Así sucedió: todos los ministros sin excepción alguna rechazaron el proyecto. Arrese se retiró de la política y el Movimiento pasó a manos de personas como Torcuato Fernández Miranda o Adolfo Suárez decididas a conducir la Monarquía que estaba ya refrendada en plebiscito por los cauces que conducían a la Unión Europea. Luis Carrero Blanco pasó a ocupar un primer término incluyendo años más tarde la presidencia del Gobierno. Sabía que se trataba de un camino largo y difícil que debía comenzar por una estabilización y un desarrollo económico. Aquellos expertos –me gustaría destacar a Laureano López Rodó, Enrique Fuentes Quintana, Juan Velarde y Mariano Navarro Rubio– fueron calificados de tecnócratas y lograron un éxito claro. España había superado los daños materiales y morales del pasado. Se declararon caducos los delitos políticos de la Guerra Civil y, cosa muy notable, se derogó oficialmente el decreto de 1492 que expulsara a los judíos de España. De modo que los sefarditas volvían a su propio nombre.

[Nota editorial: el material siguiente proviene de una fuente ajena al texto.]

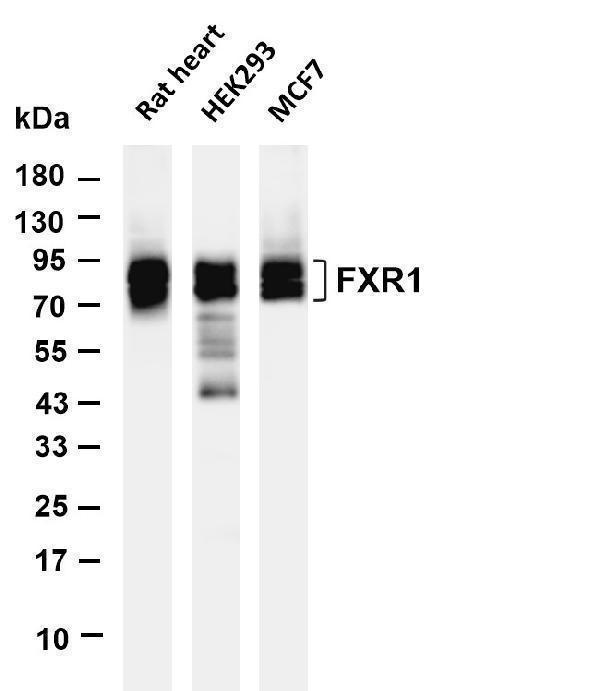 m03308 1 fxr1 primary antibodies wb testing 1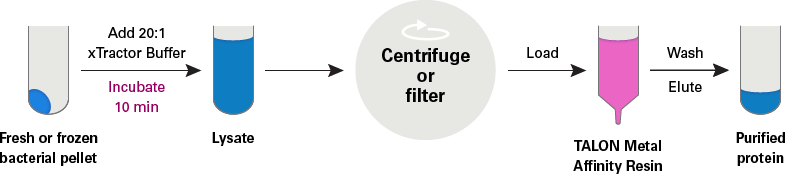 Protein extraction workflow using xTractor buffer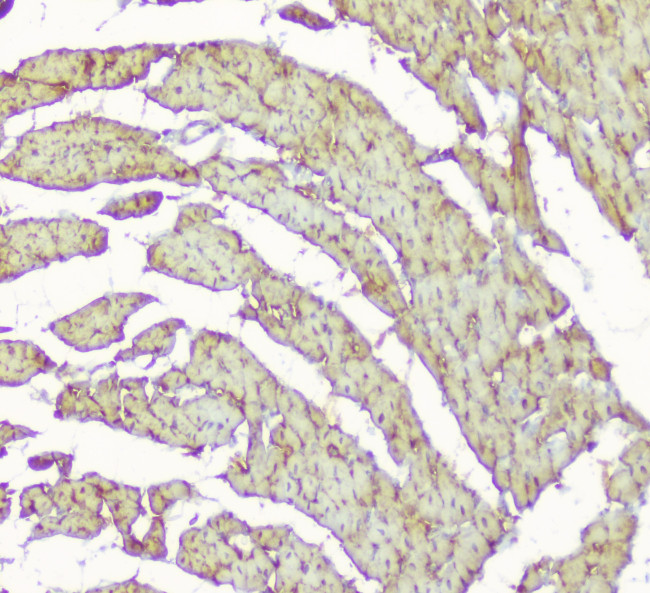 Creatine Kinase MM Antibody in Immunohistochemistry (Paraffin) (IHC (P))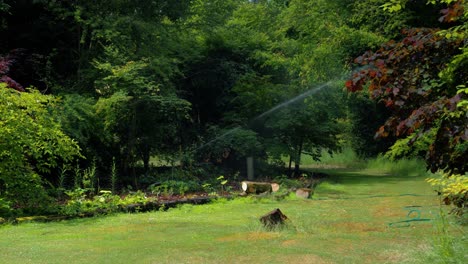 Imágenes-Que-Muestran-Un-Sistema-De-Aspersión-En-Las-Plantas-Y-Bordes-De-Riego-Del-Jardín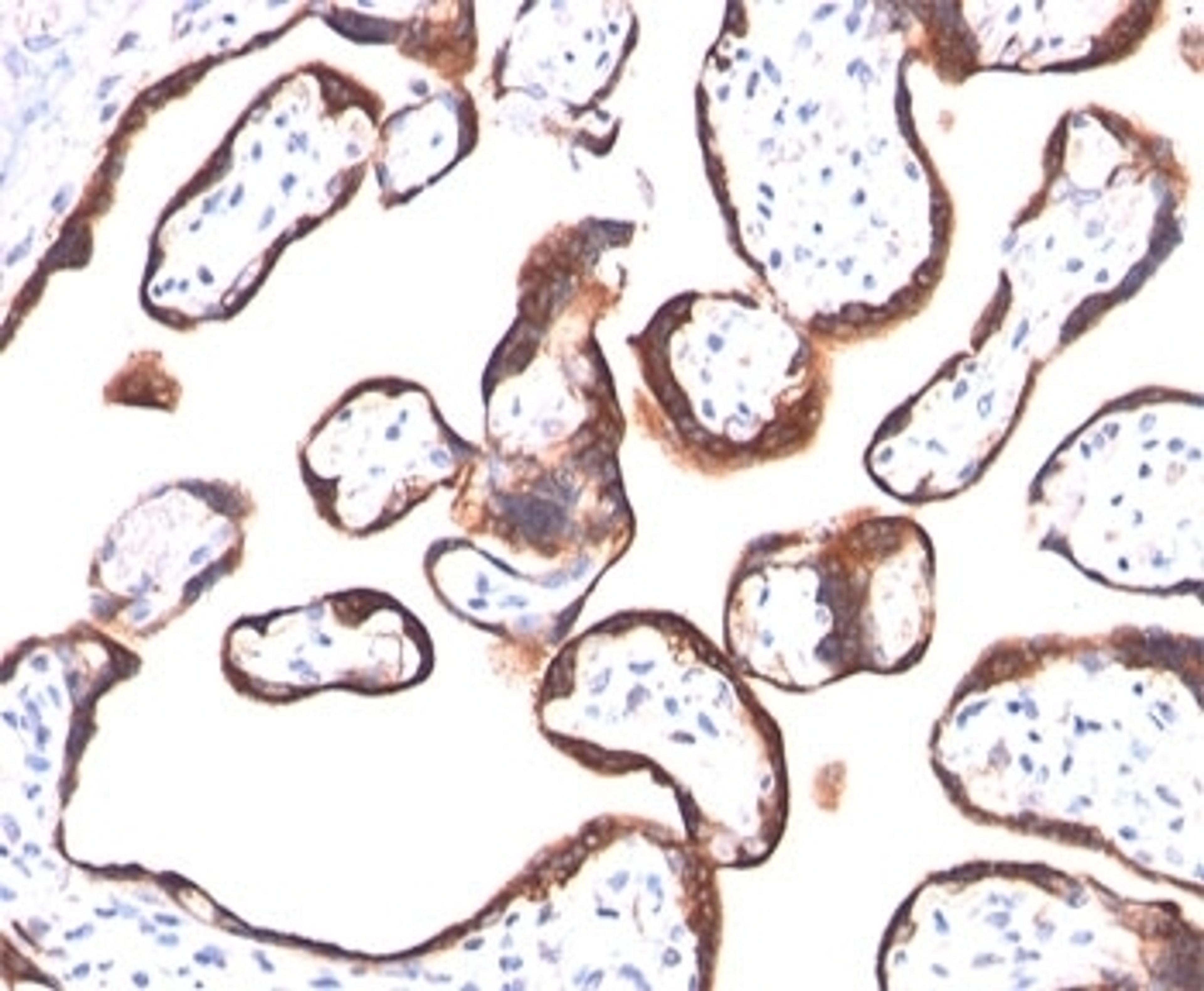 IHC testing of human placenta stained with HCG-alpha antibody (HCGa/53). Note specific membrane staining.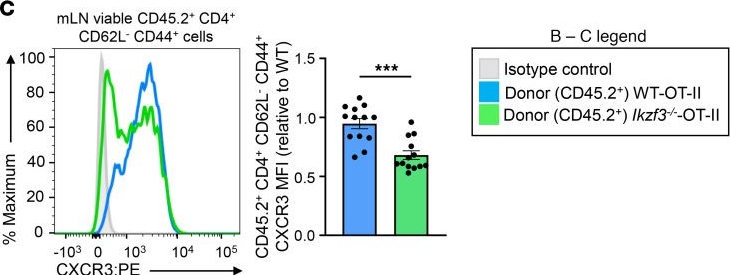 Fig.3.C showing Flow cytometry/Cell sorting in a Mus musculus (House mouse) sample from the publication: Aiolos promotes CXCR3 expression on Th1 cells via positive regulation of IFN-γ/STAT1 signaling.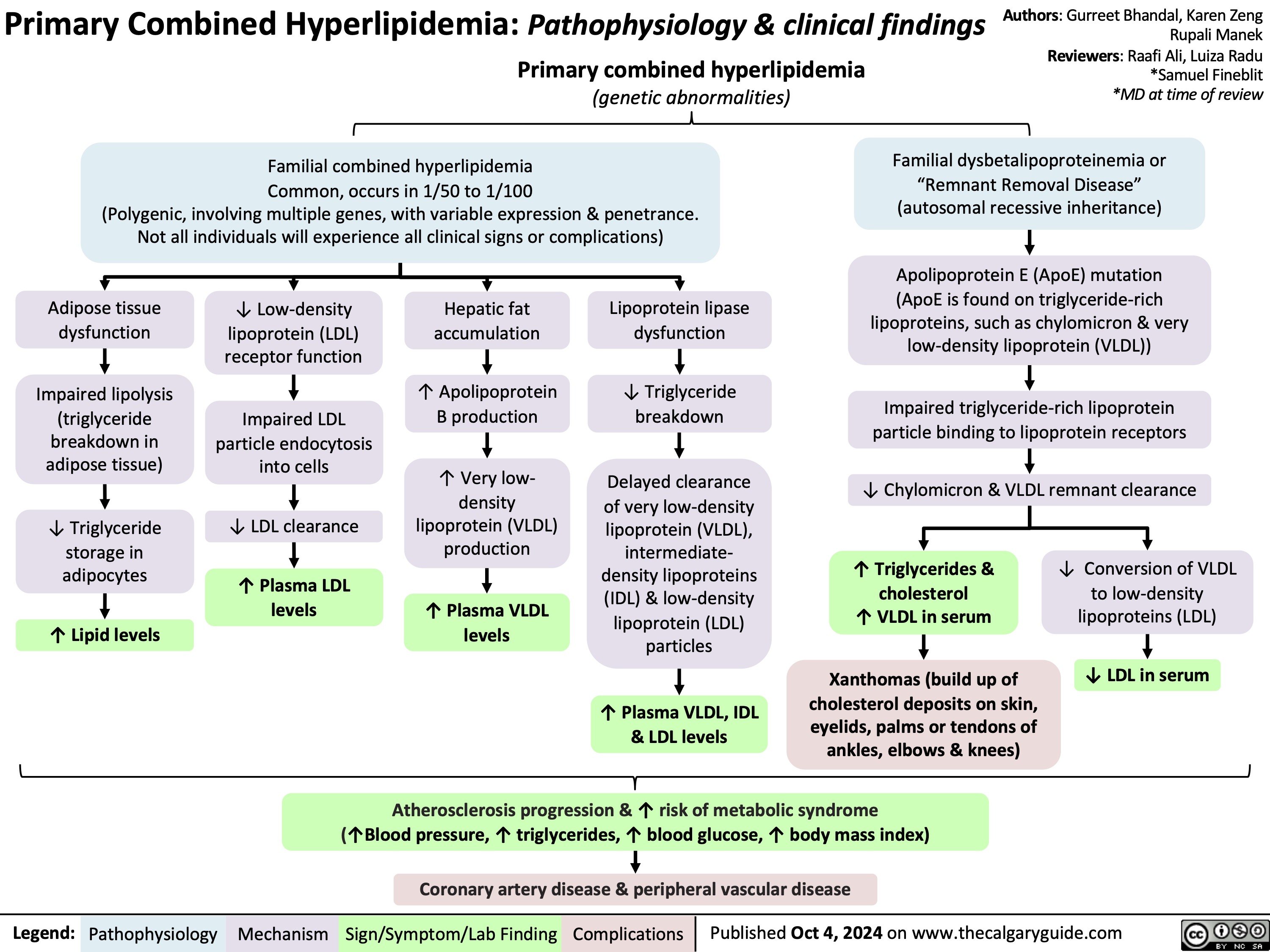 PrimaryCombinedHyperlipidemia:Pathophysiology&clinicalfindings Authors:GurreetBhandal,KarenZeng Rupali Manek
Primary combined hyperlipidemia
(genetic abnormalities)
Reviewers: Raafi Ali, Luiza Radu *Samuel Fineblit *MD at time of review
Familial dysbetalipoproteinemia or “Remnant Removal Disease” (autosomal recessive inheritance)
Apolipoprotein E (ApoE) mutation
(ApoE is found on triglyceride-rich lipoproteins, such as chylomicron & very low-density lipoprotein (VLDL))
Impaired triglyceride-rich lipoprotein particle binding to lipoprotein receptors
↓ Chylomicron & VLDL remnant clearance
   Familial combined hyperlipidemia
Common, occurs in 1/50 to 1/100
(Polygenic, involving multiple genes, with variable expression & penetrance. Not all individuals will experience all clinical signs or complications)
       Adipose tissue dysfunction
Impaired lipolysis (triglyceride breakdown in adipose tissue)
↓ Triglyceride storage in adipocytes
↑ Lipid levels
↓ Low-density lipoprotein (LDL) receptor function
Impaired LDL particle endocytosis into cells
↓ LDL clearance
↑ Plasma LDL levels
Hepatic fat accumulation
↑ Apolipoprotein B production
↑ Very low- density lipoprotein (VLDL) production
↑ Plasma VLDL levels
Lipoprotein lipase dysfunction
↓ Triglyceride breakdown
Delayed clearance of very low-density lipoprotein (VLDL), intermediate- density lipoproteins (IDL) & low-density lipoprotein (LDL) particles
↑ Plasma VLDL, IDL & LDL levels
↑ Triglycerides & cholesterol
↑ VLDL in serum
Xanthomas (build up of cholesterol deposits on skin, eyelids, palms or tendons of ankles, elbows & knees)
↓ Conversion of VLDL to low-density lipoproteins (LDL)
↓ LDL in serum
                     Atherosclerosis progression & ↑ risk of metabolic syndrome (↑Blood pressure, ↑ triglycerides, ↑ blood glucose, ↑ body mass index)
 Coronary artery disease & peripheral vascular disease
 Legend:
 Pathophysiology
Mechanism
Sign/Symptom/Lab Finding
 Complications
 Published Oct 4, 2024 on www.thecalgaryguide.com
   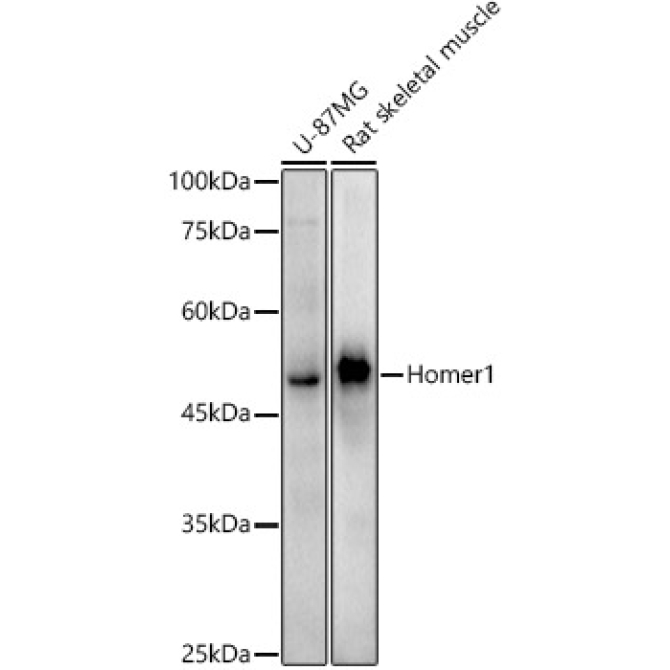 Homer1 Rabbit Monoclonal Antibody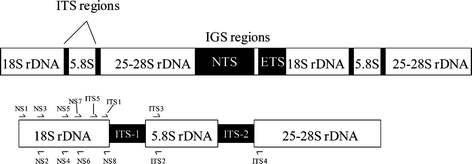 Fungal rDNA gene cluster with an expansion showing common primer sites.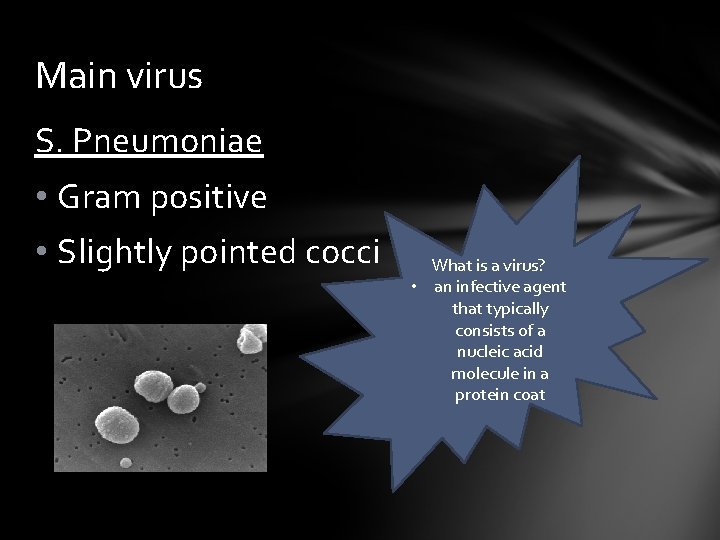 Main virus S. Pneumoniae • Gram positive • Slightly pointed cocci What is a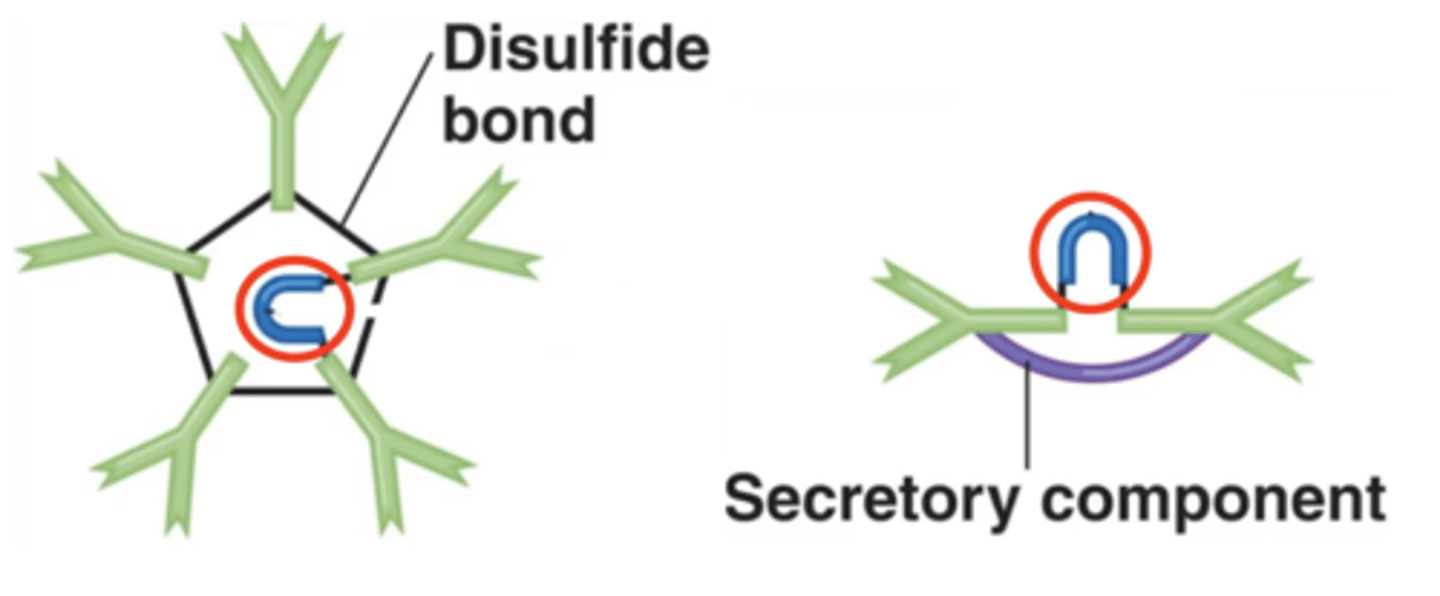 <p>Antibody class</p><p>Polypeptides that hold together monomers on IgM and IgA antibodies</p>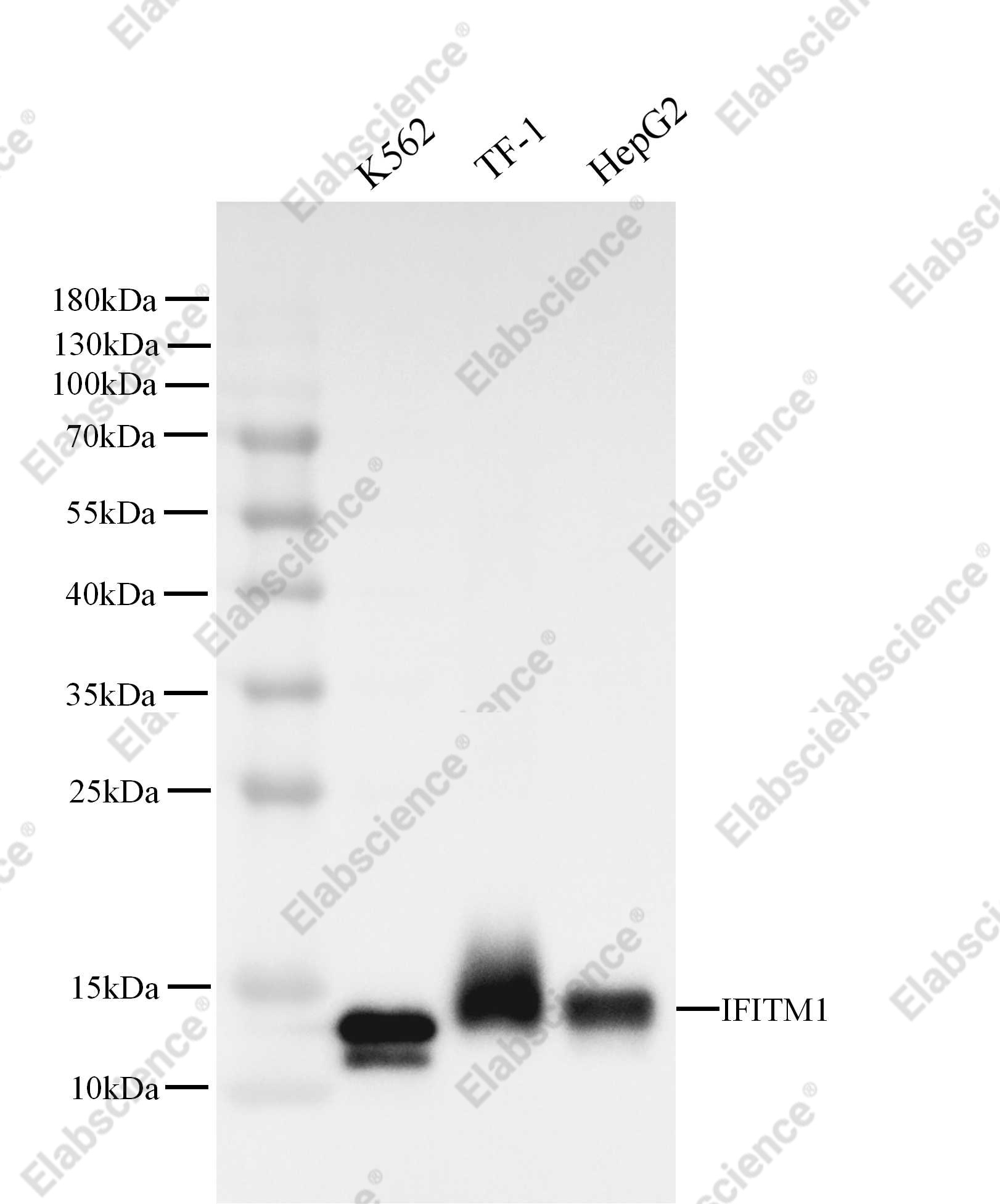 Recombinant IFITM1 Monoclonal Antibody - 2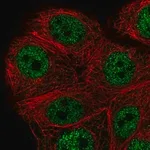 Merck Anti-PEX10 antibody produced in rabbit
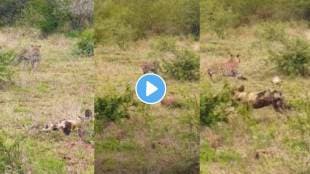 Leopard Tries Hunting Sleeping Wild Dogs shocking video viral on social media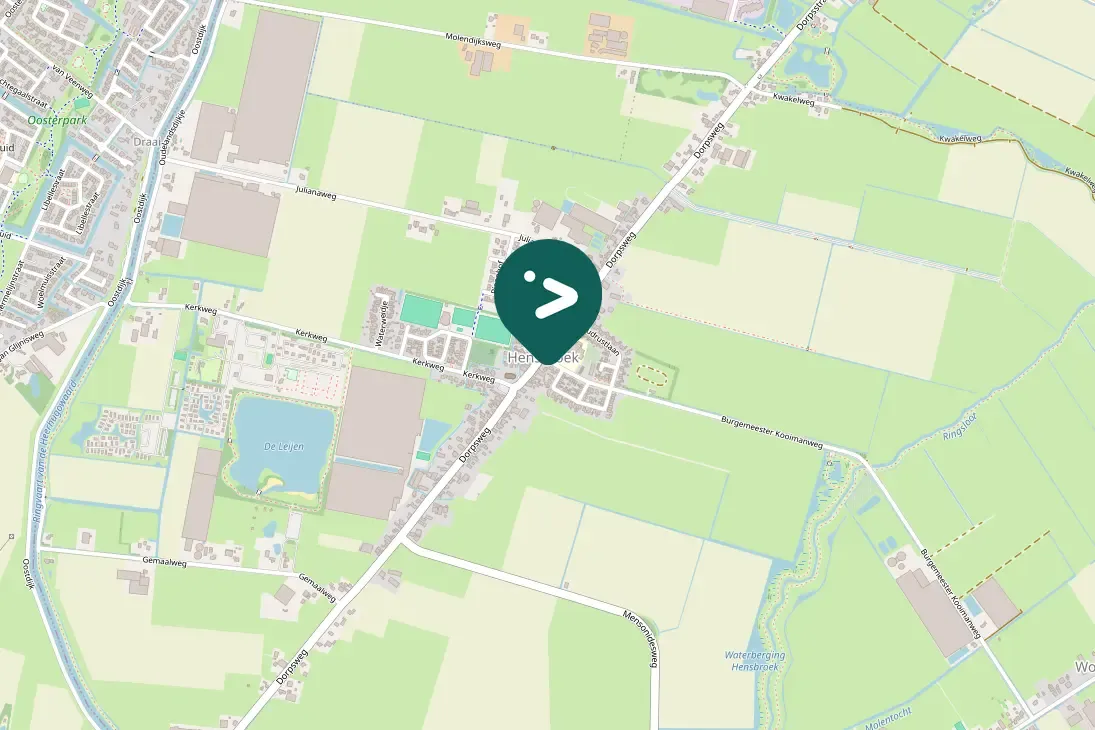 Waargenomen Boerenzwaluw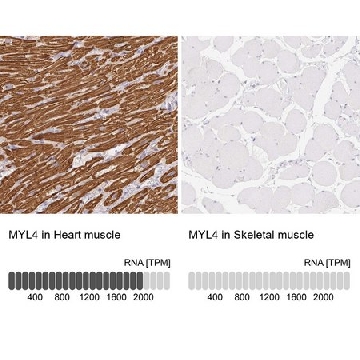 Anti-MYL4 antibody produced in rabbit，100UL，HPA051884-100UL，Sigma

Franco puso a los reformadores una condición que cumplieron: impedir el paro de los trabajadores. Así llegamos a aquel día 10 de julio de 1969 en que se dio cumplimiento a las viejas leyes que databan del siglo XIV y las Cortes prestaron juramento de legitimidad a Don Juan Carlos. Aquel día yo estaba en las Cortes en razón de mi cargo de rector de Universidad. A los procuradores se nos sentaba por orden de apellidos, de modo que, honor inmerecido, estaba al lado de Adolfo y de Fernando cuyos méritos me parece innecesario recordar. Era el término de llegada. Aquellas mismas Cortes fueron las que al reinstaurarse la Monarquía tomaron la decisión de retornar a los partidos políticos y elaborar una Constitución que estaba dentro de la serie inaugurada en 1812 por «la Pepa». Todos los partidos retomaron la legalidad y no pasaría mucho tiempo sin que los socialistas ganaran las elecciones formando un Gobierno estable. Felipe González tomó la acertada decisión de apartarse de la rigurosa ideología marxista. España entraba en la Comunidad Europea con plenos derechos y obligaciones. En un plazo de tiempo suficiente se había realizado la gran operación. No es extraño que la transición española fuese propuesta como un éxito.

Pero en 1959 había tenido lugar otro acontecimiento. El presidente Eisenhower viajaba a Europa para afirmar las relaciones de ésta con los Estados Unidos. Aunque al principio se había excluido la visita a España se modificaron las decisiones y el gran héroe de la guerra contra el nacionalsocialismo paseó en coche descubierto por las calles de Madrid que, convertidas en fiesta albergaban un gran número de espectadores que aplaudían. El sentimiento tuvo también su protagonismo en aquella puerta en donde se reconocía la democracia como meta a conseguir. Y no hay duda de que en 1977 dicha meta se alcanzó.

España debe mucho a esa primera transición, especialmente el abandono de los odios que fueran secuela de la Guerra Civil. Muchas de las instituciones maduraron. En lugar de incurrir en el error del laicismo se estableció la no confesionalidad del Estado aunque reconociendo que las aportaciones que se hacen desde las religiones, incluso las no cristianas, deben considerarse positivas. La amistad entre cristianos y judíos sobre todo después de 1963 ha alcanzado unas dimensiones que antes parecían inalcanzables. Y el mérito de aquella generación de 1960 sigue siendo destacado por numerosos autores.

Como sucede siempre permanecieron, al principio en silencio, aquellos sectores que sueñan con un retorno al pasado convirtiendo el bien en mal. Necesitaban para manifestarse de una fuerte oportunidad. Y ésta vino como consecuencia de los saltos económicos que de cuando en cuando se repiten. Dinero y poder se instalan en la primacía y provocan el cambio hacia la depresión. El paro laboral retornó en unas dimensiones que antes parecía imposible alcanzar. Son millones los que carecen de empleo, mayoría los jóvenes impedidos en iniciar su existencia social. Y de ahí viene también el desorden ético.

Ahí tenemos el peligro. Desilusión y desacato que pueden aprovechar las ideologías para su retorno ignorando los precedentes que aún tenemos ante nuestros ojos en los totalitarismos que aún sobreviven. Si los poderes políticos no consiguen detener el paso una segunda o acaso tercera transición se nos presenta como amenaza. Recordemos los daños del nazismo y del stalinismo. Los viejos aún los recordamos.